2. Évaluation de l'utilité d'une mesure d'expertise : La cour a expliqué que « l'utilité d'une mesure d'instruction ou d'expertise doit être appréciée ... au regard des éléments dont le demandeur dispose ou peut disposer par d'autres moyens ». Ainsi, la cour a considéré qu’aucune circonstance d’urgence ou de nouveauté ne justifiait une expertise à ce stade.
Interprétations et citations légales
- Code de justice administrative - Article R. 532-1 : Cet article stipule que le juge des référés peut « prescrire toute mesure utile d'expertise ou d'instruction ». L’interprétation de cet article par la cour souligne que l’autorité du juge est circonscrite par l’utilité effective de la mesure demandée, tenant compte des éléments déjà disponibles au dossier.
- Code de justice administrative - Article L. 555-1 : Ce texte confère compétence au président de la cour administrative d'appel pour statuer sur les appels des décisions de référé.

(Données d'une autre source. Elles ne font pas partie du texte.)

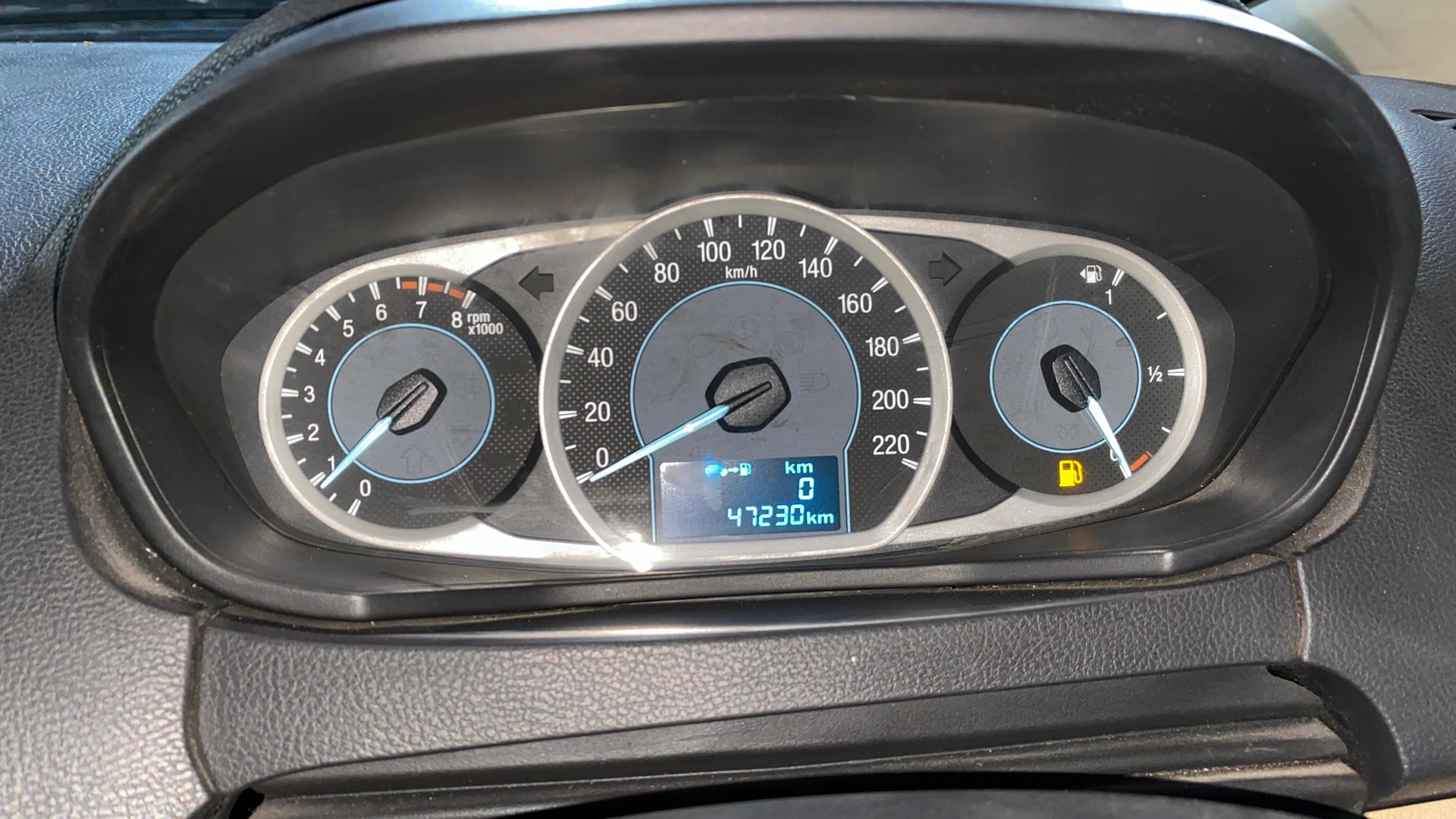 View 2017 Ford Figo Aspire 1.2P Ambiente MT BS IV Image 33 Used 2017 Ford Figo Aspire 1.2P Ambiente MT BS IV Image 33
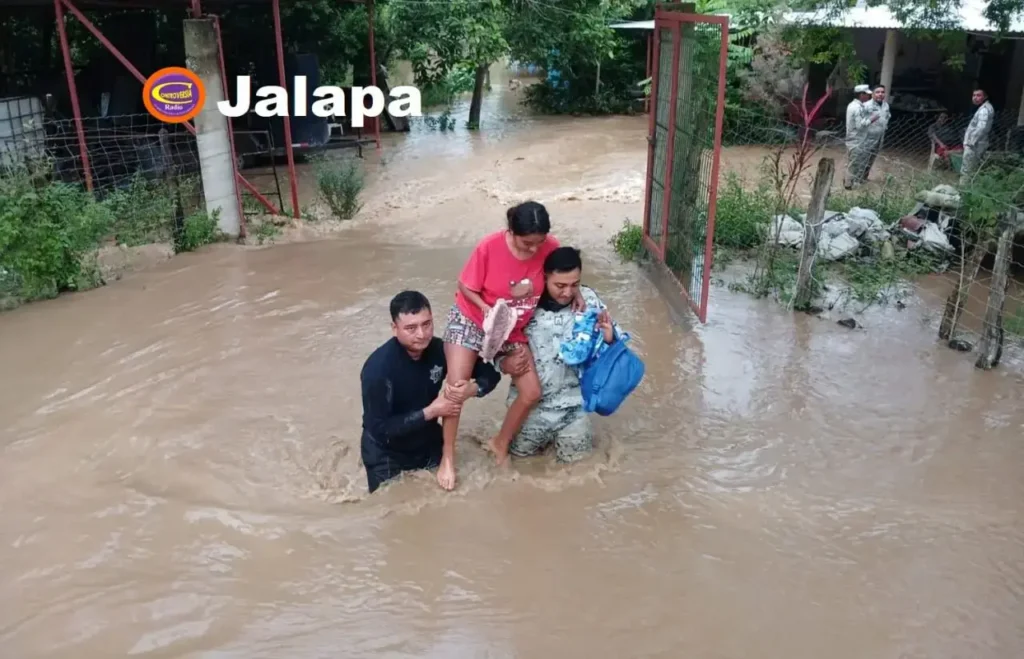 En Jalapa, quedaron incomunicadas varias comunidades por inundación, así como el tramo carretero en más de 1 kilómetro de la via Jalapa- Villahermosa. 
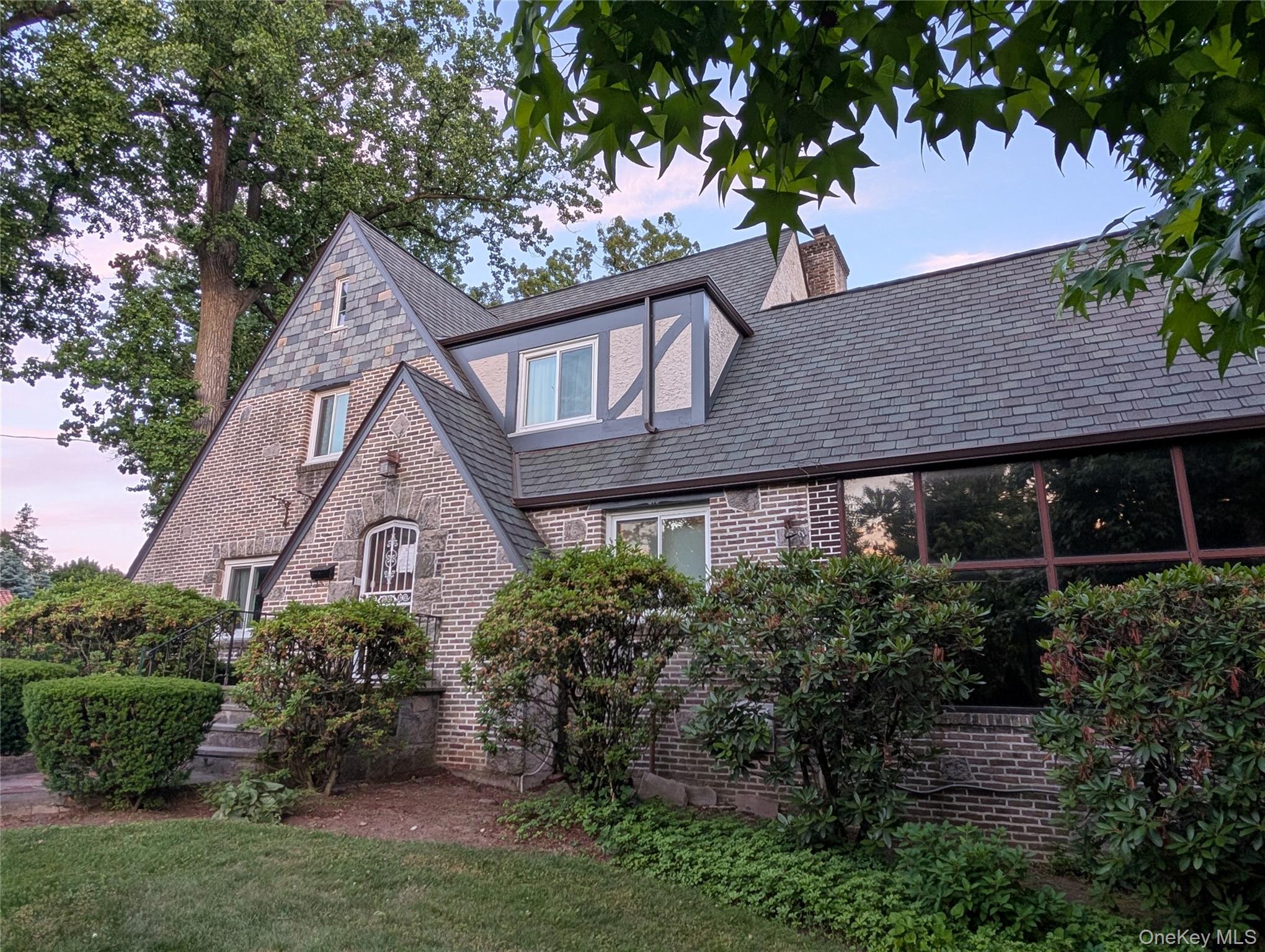 Welcome to 294 Lincoln, where you can live your life to the absolute f...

La cour a rappelé que bien que la demande avait été dirigée vers le juge des référés, ce dernier doit évaluer si la mesure invoquée revêt un intérêt direct pour le litige en cours, ce qui a été jugé insuffisant dans le cas des requérants.
- Précédents jurisprudentiels : La cour s'est référée à une jurisprudence antérieure pour affirmer que « l'utilité d'une mesure d'instruction ou d'expertise » doit être déterminée même lorsque le fond est en cours d’instruction. Cette citation souligne le devoir du juge des référés de mener une évaluation rigoureuse de l'intérêt de la mesure.
Conclusion
En somme, la cour a rejeté la demande d'expertise de M. et Mme E..., considérant qu'ils n'avaient pas démontré le caractère urgent et utile de leur requête, et que toute évaluation des désordres devrait être intégrée dans le cadre de l'instruction de leur recours indemnitaire. Les arguments basés sur l'absence de preuves d’aggravation des désordres ont été cruciaux dans le rejet de leur demande, illustrant ainsi la rigueur avec laquelle le juge des référés aborde des demandes d'expertise.